8 décembre 2007 6 08 /12 /décembre /2007 12:39
Un rapport des services de renseignement souligne que Téhéran n’est pas sur le point de disposer d’armes de destruction massives à l’inverse des allégations du président.

Le rapport d’évaluation du renseignement national (National Intelligence Estimates, NIE) sur la réalité de la menace nucléaire iranienne, rendu public lundi, constitue un nouveau constat de flagrant délit de mensonge du président George W. Bush. Les conclusions de ce texte, qui émane des travaux de seize agences dont la CIA, sont en effet en contradiction avec les allégations de la Maison-Blanche, arguant que Téhéran était sur le point de posséder des armes de destruction massive pour renforcer les sanctions internationales et préparer l’opinion à des frappes, dès l’an prochain, contre ce pays.

Les services états-uniens soulignent en effet qu’ils disposent d’informations de caractère « hautement fiable » sur « l’interruption du programme d’armement nucléaire de l’Iran en 2003 » et affirment même que Téhéran ne l’aurait pas repris depuis lors.

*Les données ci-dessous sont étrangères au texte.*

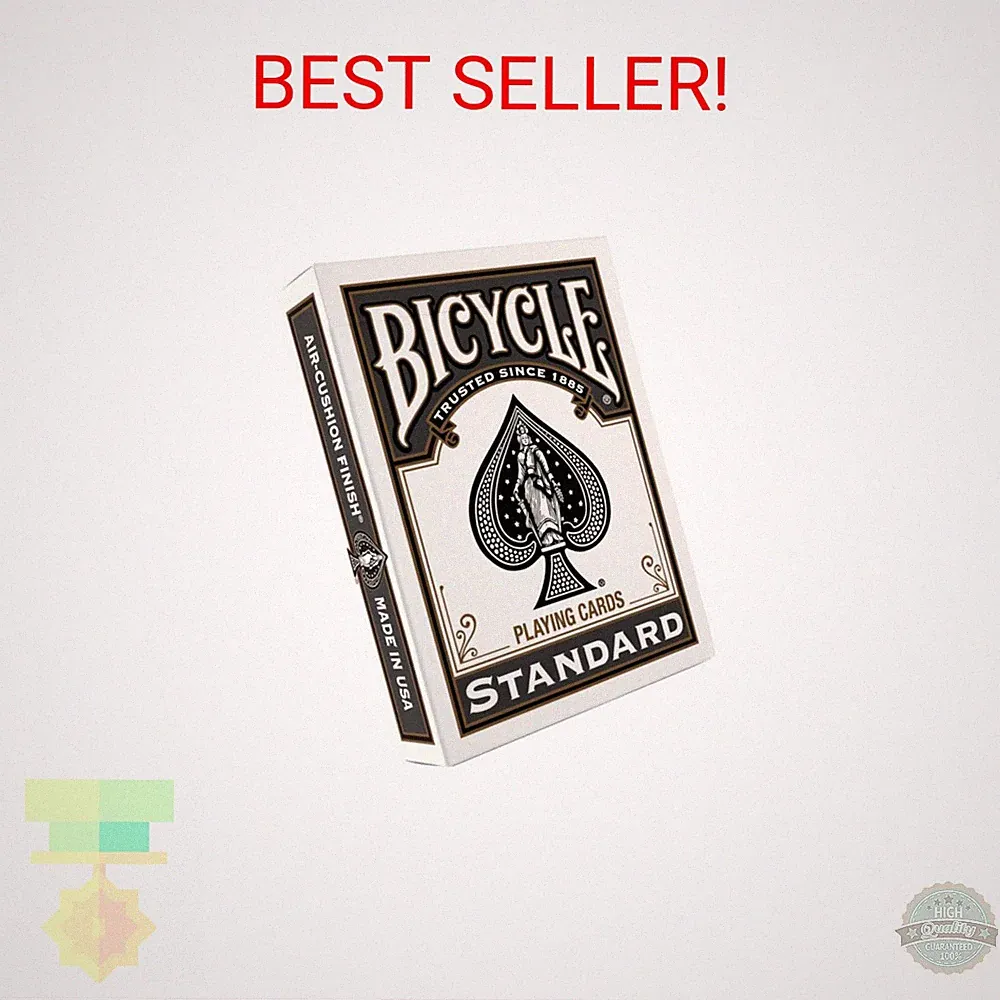 Bicycle Black Playing Cards, Standard Index Poker Size, Classic Deck of Cards fo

Le constat des services US rejoint celui de l’ AIEA

Les agences de renseignements ne balayent pas totalement pour autant d’un revers de main le risque que l’Iran ne puisse, un jour, décider d’accéder à la bombe atomique, mais cela ne serait pas possible, compte tenu des contraintes industrielles et technologiques, avant 2013, estime le bureau de recherche du département d’État pour le renseignement, l’une des seize organisations. Et toutes les autres concèdent que l’Iran pourrait ne pas disposer de suffisamment d’uranium enrichi jusqu’après 2015.

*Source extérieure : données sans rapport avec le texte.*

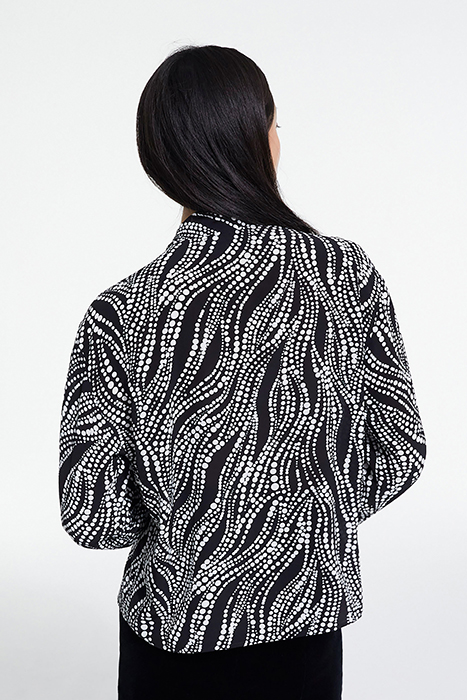 TOP LAVALIERE PEARLS BLACK WHITE 2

Cette évaluation semble concorder avec celle de Mohamed El Baradaï, directeur général de l’Agence internationale de l’énergie atomique (AIEA), dont les déclarations ont alimenté, on s’en souvient, une très dure polémique avec la Maison-Blanche sur le thème de l’imminence ou non du danger nucléaire iranien.

L’administration US n’avait cessé de s’inscrire en faux contre la moindre conclusion des inspecteurs de l’agence onusienne, laissant percevoir une réalité iranienne bien moins alarmante que ne le suggérait sa rhétorique, au fil du temps, de plus en plus va-t-en-guerre. Début novembre George W. Bush déclarait ainsi : « Si vous voulez éviter la troisième guerre mondiale, il semble évident qu’il faille prendre des mesures pour les empêcher d’accéder aux connaissances nécessaires pour faire une arme nucléaire. » Et le vice-président Cheney, l’un des théoriciens de la « guerre préventive », chère aux néoconservateurs, de renchérir quelque temps plus tard promettant « de sérieuses conséquences au gouvernement de Téhéran » s’il n’abandonnait pas son programme nucléaire. Sans donner plus de précision sur la qualité civile ou militaire dudit programme.

Dans l’entourage du président on a bien tenté aussitôt d’allumer un contre-feu en expliquant que la décision iranienne d’arrêter son programme nucléaire militaire en 2003 prouvait finalement l’utilité « des pressions » les plus rudes contre Téhéran. Et le conseiller à la sécurité nationale de George W. Bush, Stephen Hadley, a beau préciser aussitôt, en s’appuyant sur l’option du rapport évoquant une toujours possible reprise de la course à la bombe côté iranien, que tout cela demeure « un grave problème », il reste que la crédibilité du président est une nouvelle fois atteinte.

L’affaire rappelle en effet par trop le précédent du mensonge d’État sur les armes de destruction massive dont se serait doté Saddam Hussein, mensonge qui servit à déclencher la guerre contre l’Irak. Il est difficile de croire que Bush ignorait tout des informations rendues publiques aujourd’hui. Et pourtant, il y a deux ans, la « sécurité nationale », conseil stratégique qu’il préside à la Maison-Blanche, avait rendu publiques des conclusions diamétralement opposées en s’appuyant sur des informations des… services.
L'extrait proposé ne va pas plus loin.